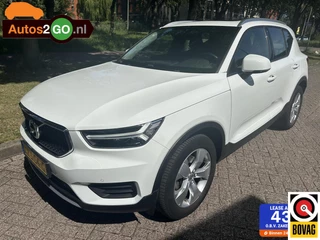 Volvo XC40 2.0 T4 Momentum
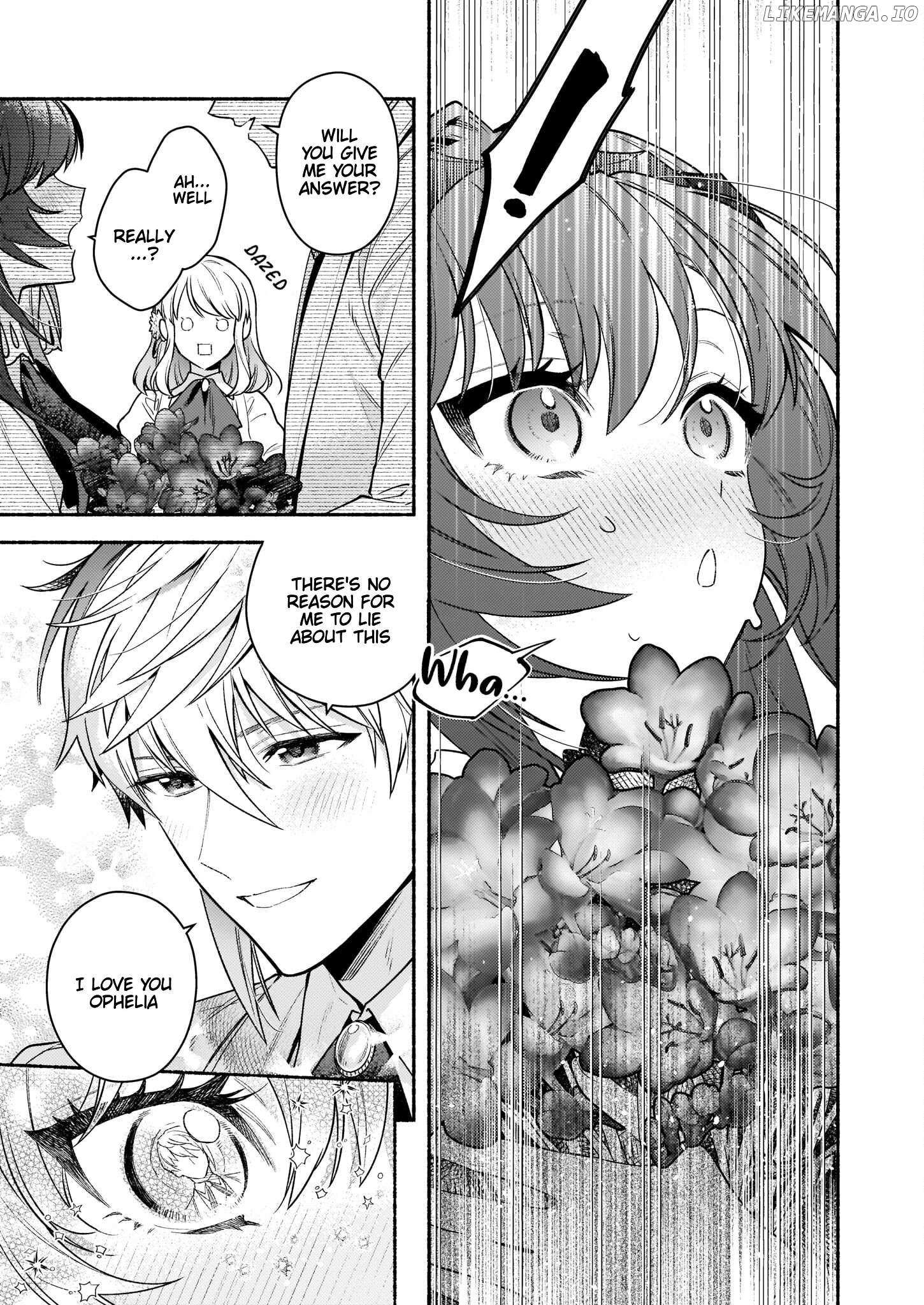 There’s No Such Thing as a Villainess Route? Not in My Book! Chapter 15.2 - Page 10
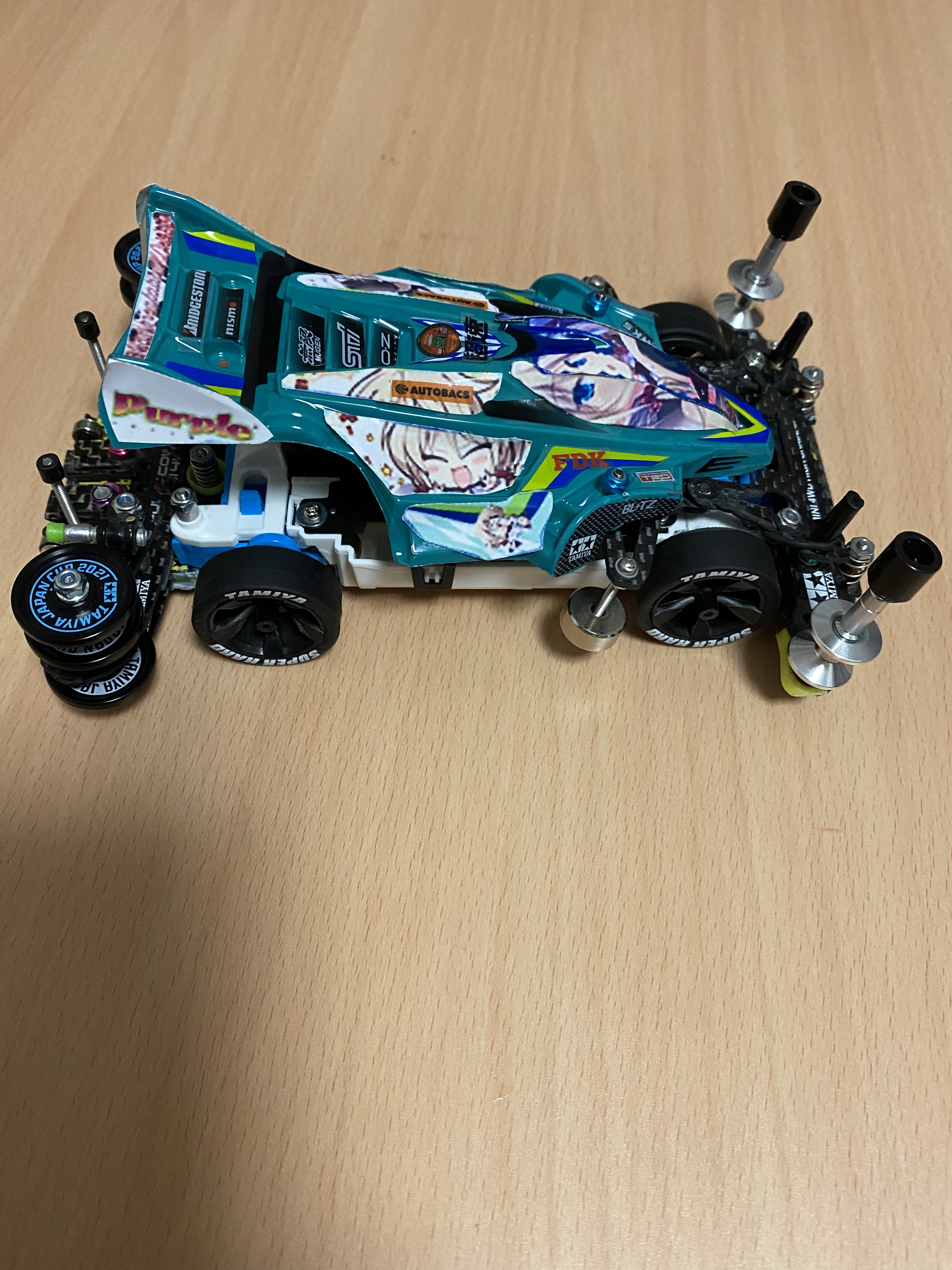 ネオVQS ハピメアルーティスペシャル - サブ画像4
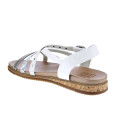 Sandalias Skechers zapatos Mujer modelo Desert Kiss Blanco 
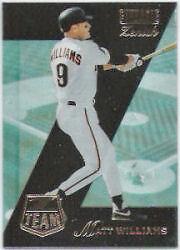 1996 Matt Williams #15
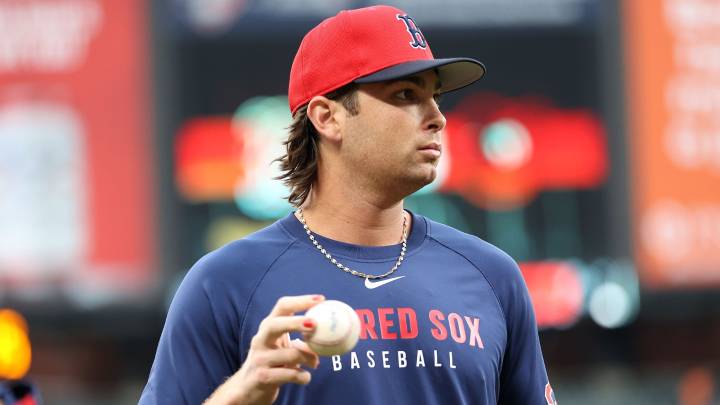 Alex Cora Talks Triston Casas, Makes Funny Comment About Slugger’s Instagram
────────────────
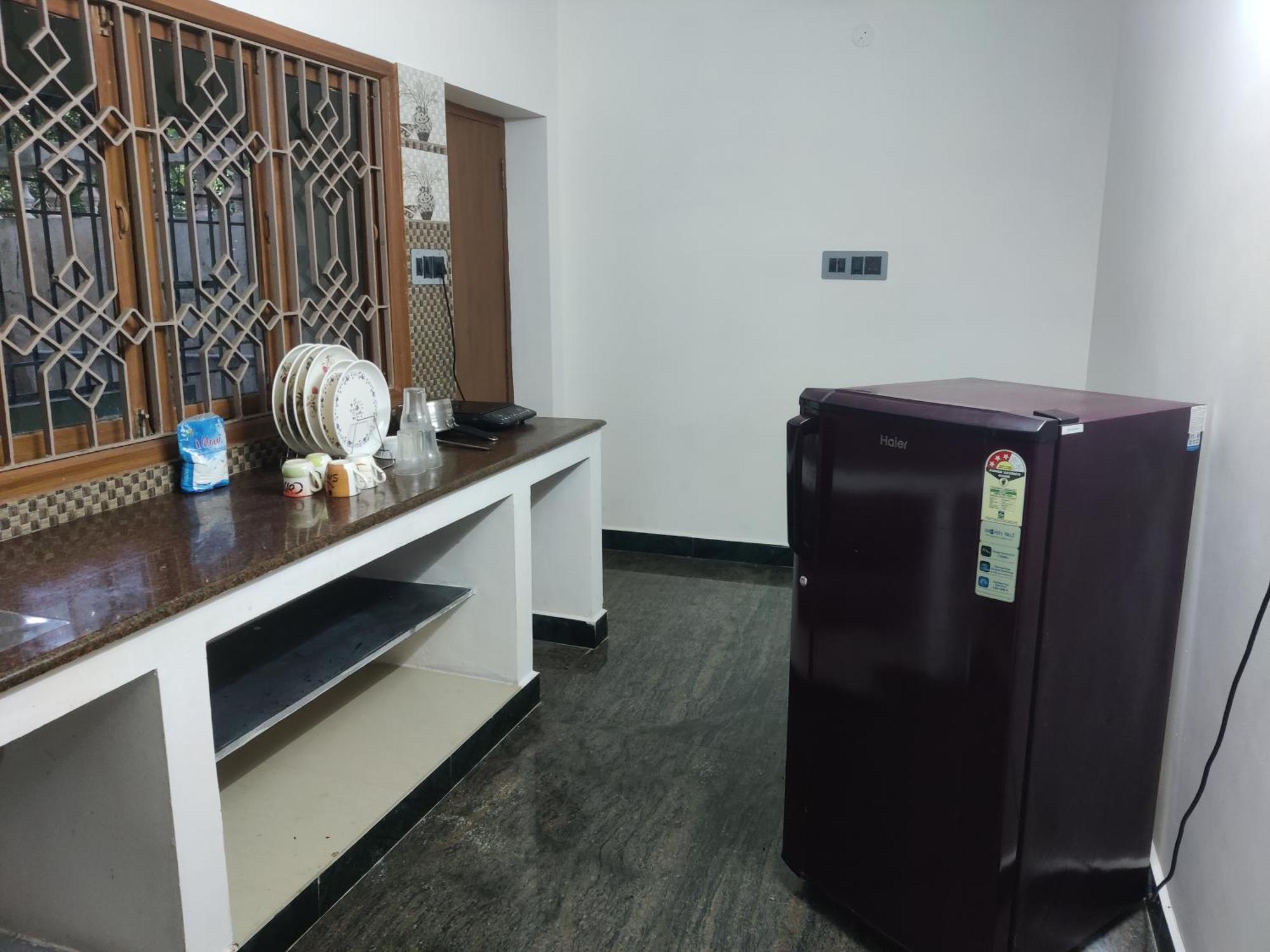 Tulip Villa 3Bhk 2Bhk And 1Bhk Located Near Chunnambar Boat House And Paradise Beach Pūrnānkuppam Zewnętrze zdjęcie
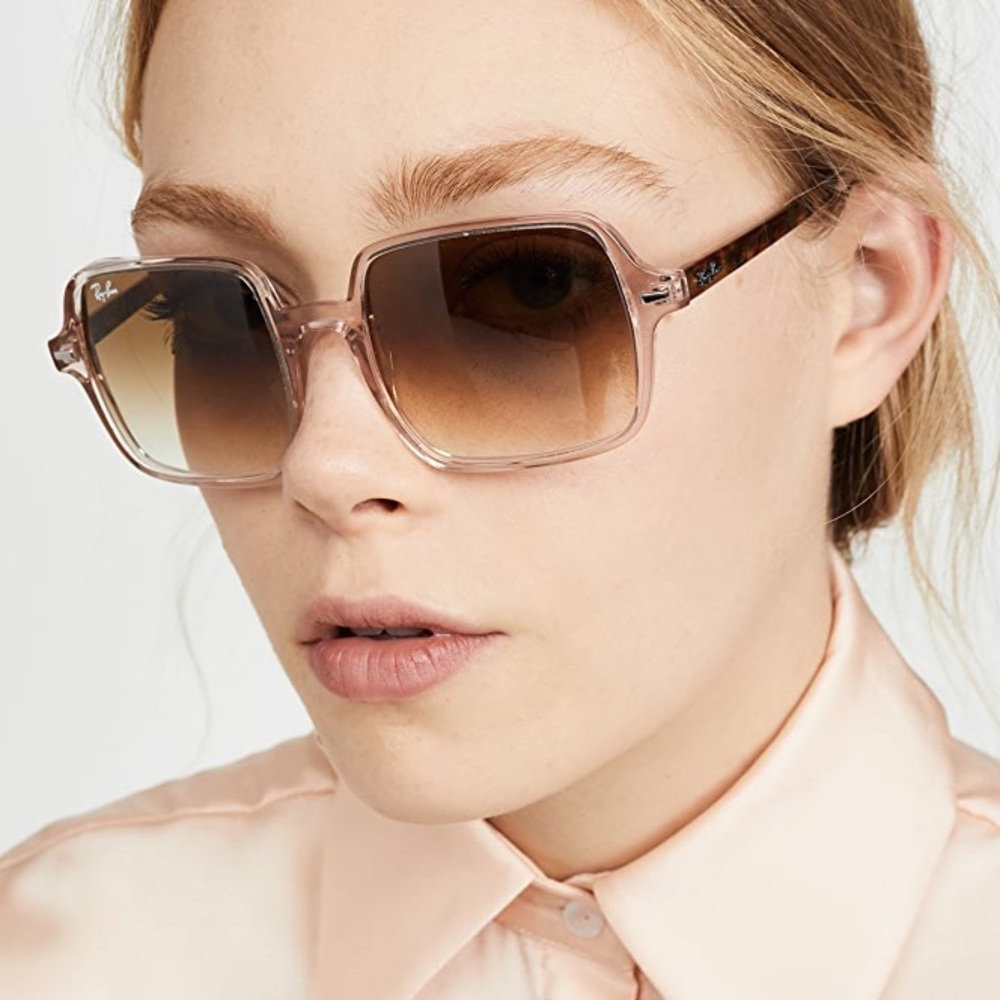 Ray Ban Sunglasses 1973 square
────────────────
TASK STATEMENT: Only one stretch of the listing is wanted: the lines starting at the one with "There’s No Such" and ending at the one with "Alex Cora Talks", copied exactly and free of pictures.

RESPONSE:
 There’s No Such Thing as a Villainess Route? Not in My Book! Chapter 15.2 - Page 10
 ネオVQS ハピメアルーティスペシャル - サブ画像4
 Sandalias Skechers zapatos Mujer modelo Desert Kiss Blanco 
 1996 Matt Williams #15
 Alex Cora Talks Triston Casas, Makes Funny Comment About Slugger’s Instagram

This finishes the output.